Kos, who is responsible for maintaining some 4,500 employee laptops, phones and tablets at Unum, played host to a middle school science teacher. It was a jam-packed eight-hour day. The teacher learned about Unum's technology infrastructure and applications, but Kos said he learned a lot, too -- specifically, how difficult it is for schools to keep up with the latest technology.
"Coming from a business perspective and him coming from an education perspective, we kind of met in the middle on the technology perspective," he said. "I thought it was really worthwhile."
And teachers, do, too. At a recent graduation ceremony for 34 teachers who completed the 2013-14 STEM Teaching Fellows program, several teachers specifically mentioned the value of learning directly from business professionals.
"It was an awesome opportunity," said Blount County science teacher Kendal Terry. "And it is one that really did change what I thought STEM was -- to see these things that take place in STEM classes and in STEM settings in the real world."
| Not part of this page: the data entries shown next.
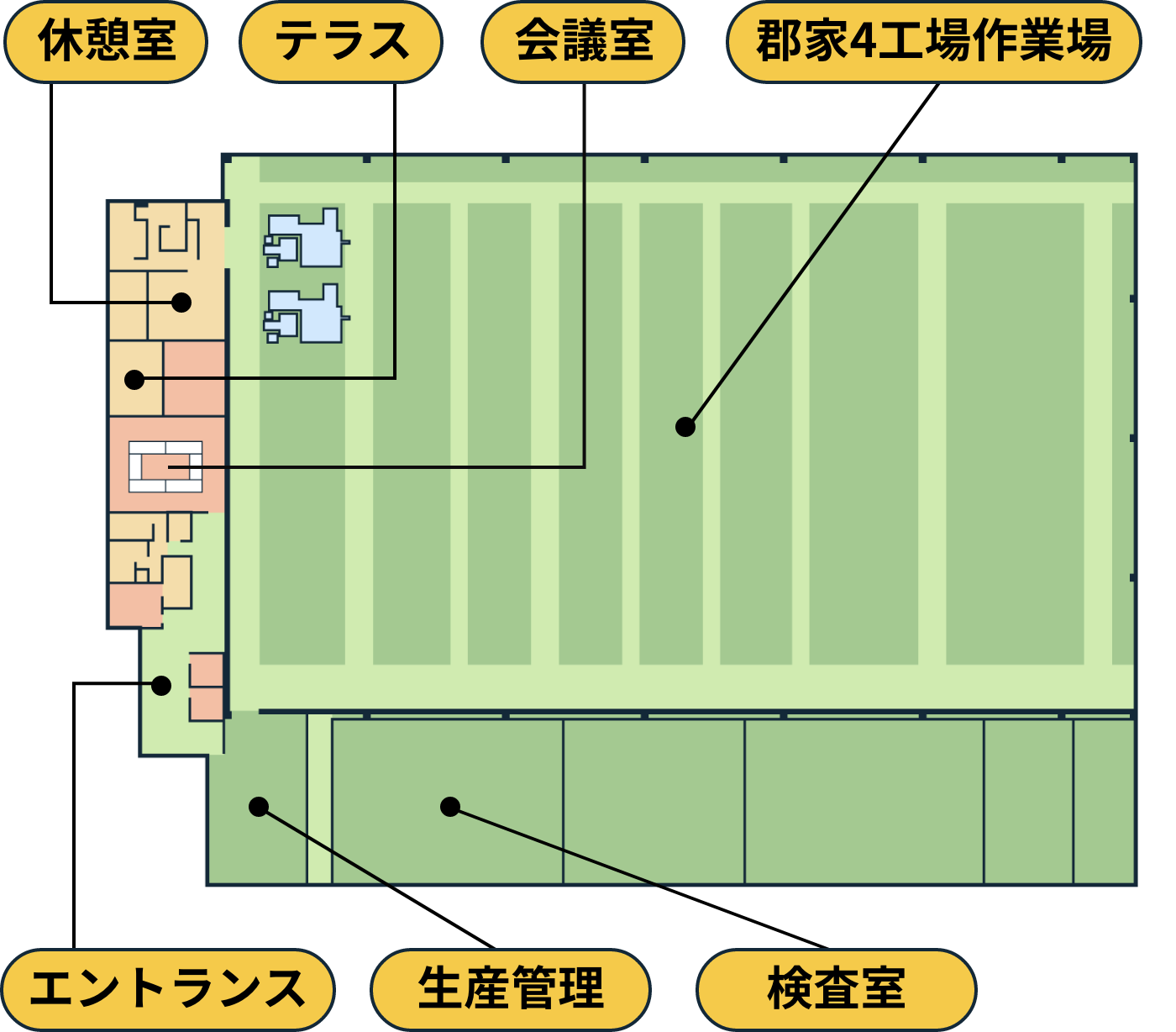 郡家４工場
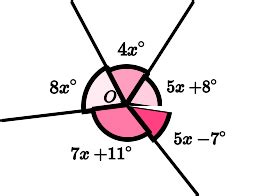 Angles Around A Point - GCSE Maths - Steps & Examples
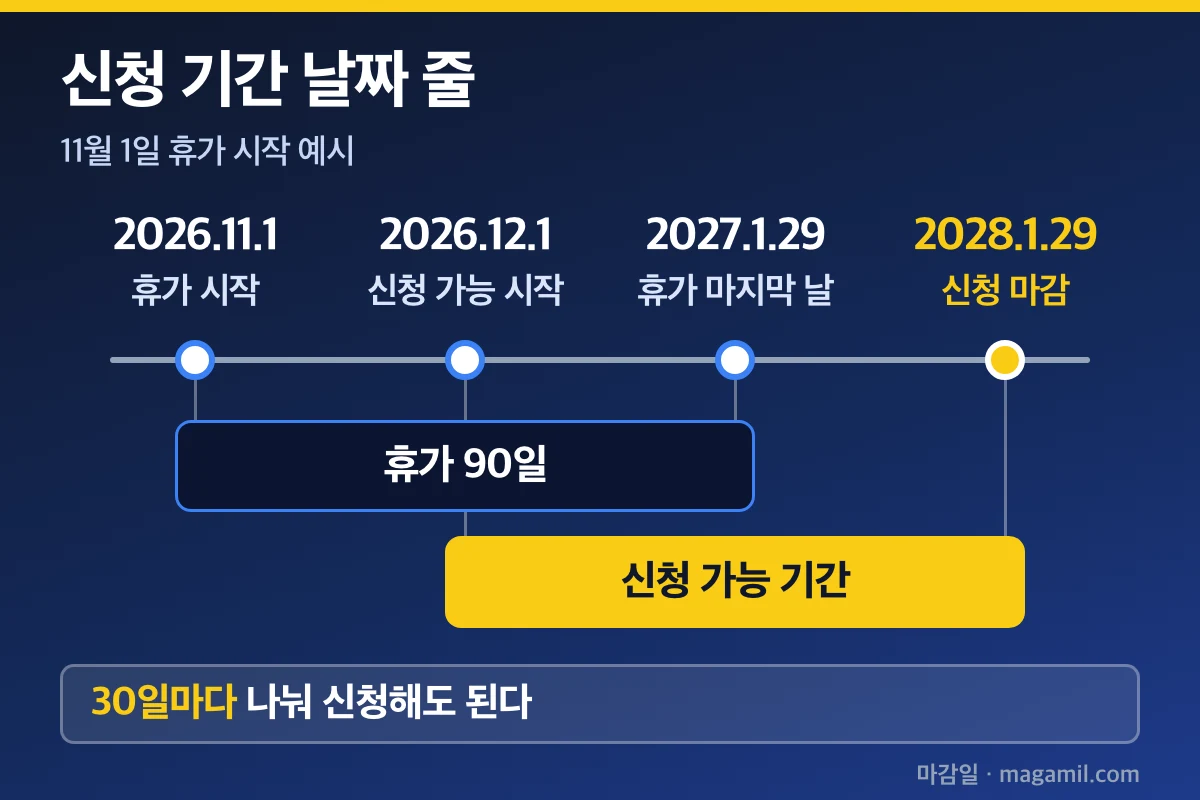출산휴가 급여 휴가 시작부터 12개월 신청 마감까지 날짜 줄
Terry shadowed an engineer at Maryville's Standard Aero, which assembles, repairs and tests aircraft parts. While the day was full of meetings and troubleshooting, one lesson stands out. An engineer was troubleshooting a problem with a machinist on the floor. To show how he wrote a new program for a machine, he handed Terry a stack of papers full of complicated math formulas. But the engineer said to ignore the first first pages of work. It was all wrong. Only on the fifth page did he come to the right answer.
Terry realized the importance of failure. It happens in the real world and should happen in schools, too.
"They're not always going to get a gold star. They're not always going to get a trophy. They're not always going to get an A," he said. "They're going to be handled a problem and they're going to have to come up with a solution."